** Data records follows **
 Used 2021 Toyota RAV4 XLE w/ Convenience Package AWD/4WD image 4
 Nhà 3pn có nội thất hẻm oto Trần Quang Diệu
** End of Data records **
** Data records follows **
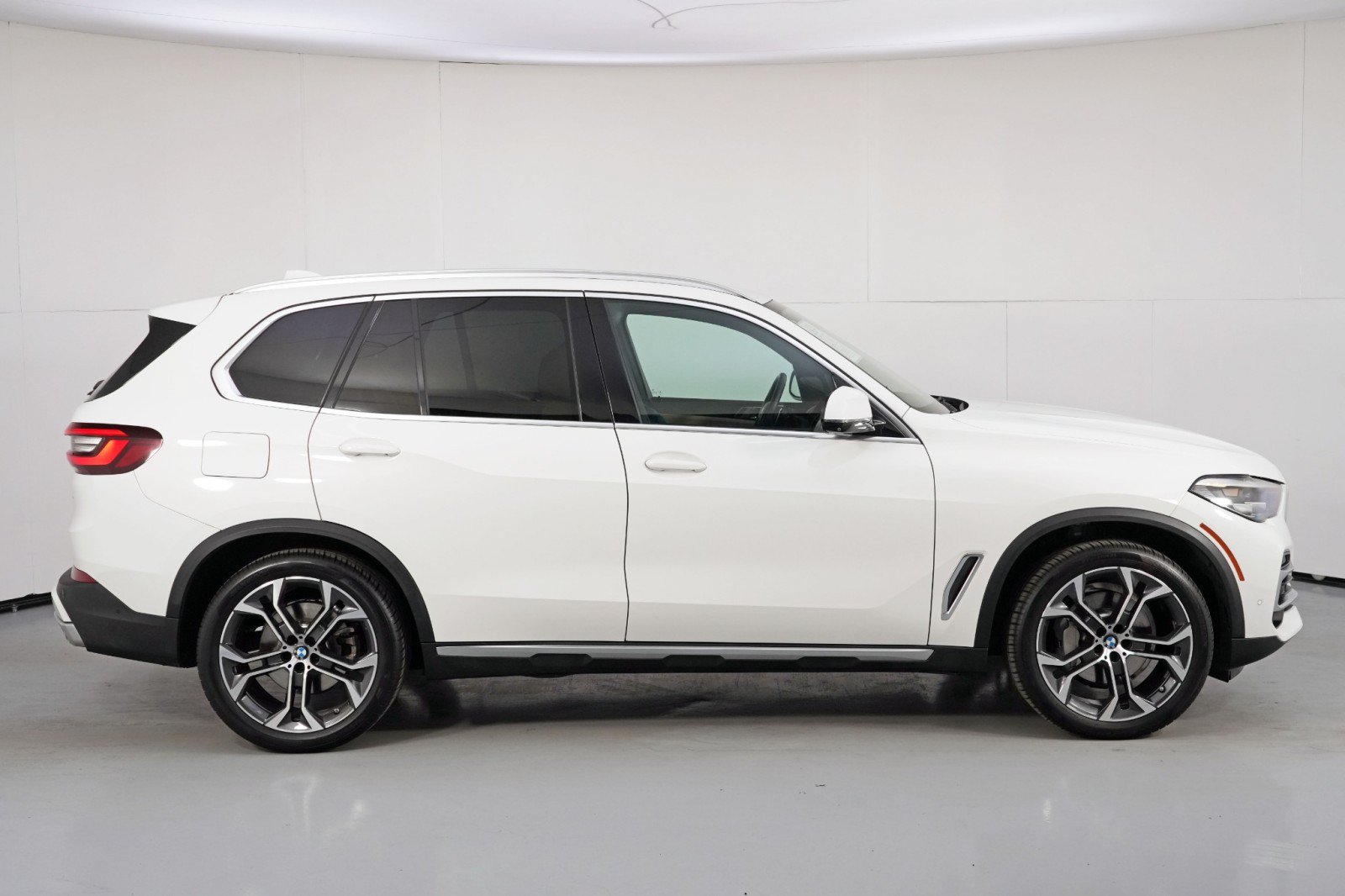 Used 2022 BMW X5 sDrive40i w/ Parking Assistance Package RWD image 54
** End of Data records **
** Data records follows **
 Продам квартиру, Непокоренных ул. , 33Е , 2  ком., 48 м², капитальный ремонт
** End of Data records **
What are the lines above, starting at the one with "Used 2021 Toyota" and ending at the one with "Nhà 3pn có nội thất hẻm oto Trần Quang Diệu"? Give them again exactly, and only them.

(Result below)
 Used 2021 Toyota RAV4 XLE w/ Convenience Package AWD/4WD image 4
 Nhà 3pn có nội thất hẻm oto Trần Quang Diệu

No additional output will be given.